The Syrians return to the houses they fled to, only to find them flattened Syria War News
Damascus, Syria – 34-year-old Nizar al-Madani stopped in tears while looking around Qaboo.
After seven years of displacement, he returned to his neighborhood in the Syrian capital Damascus on Tuesday, only to find it in ruins.
“We had heard that the regime had demolished the neighborhood, but seeing it with my own eyes was very shocking,” he said.
When Al-Madani and his family were relocated from Gabon in 2017, many buildings in the neighborhood were damaged.
“But today there are no traces of these buildings… The regime has destroyed the characteristics of the neighborhood.”
He wasn’t the only one who went to Qabun to see what was left after the fall of Bashar al-Assad’s regime.
Several Gabonese residents fleeing for their lives are trying to figure out where their homes might be.
Revenge and destruction
Once the al-Assad regime regains control, it will deliberately destroy areas that rise up against it, using various laws to legitimize it.
Among them was Law No. 10 of 2018, which allowed the creation of new urban zones in war-torn areas and gave Syrian refugees just 30 days to prove ownership of their property. Failure to do so will result in forfeiture of the property.
Many people were too afraid to return to Syria or their neighborhoods for fear of being arrested and accused of opposing Assad.
Nadeedah Hannawi, 50, told Al Jazeera that her family fled to the north, where there is no bureaucracy controlled by the regime, and could not prove ownership of their home and did not have ownership documents.

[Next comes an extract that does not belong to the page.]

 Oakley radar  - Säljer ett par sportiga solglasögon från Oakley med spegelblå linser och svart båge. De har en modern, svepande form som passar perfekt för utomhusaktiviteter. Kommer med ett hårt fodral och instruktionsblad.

“The fallen Assad regime not only oppressed us; he was trying to steal the houses we built with our life savings,” Hannawi said.
“It was not an easy task to determine where my house and my husband’s shop were,” she said. “Even the cemetery with the graves of our loved ones was destroyed.
“The most important thing today is that the criminal Bashar al-Assad has escaped, his regime has fallen and our lands have been returned to us. We will rebuild it together,” said Hannawi.
53-year-old Mahmud Jahbar also repeated his opinion.
“The al-Assad regime has destroyed our homes and our memories, but we hope to restore the places our children can call home.”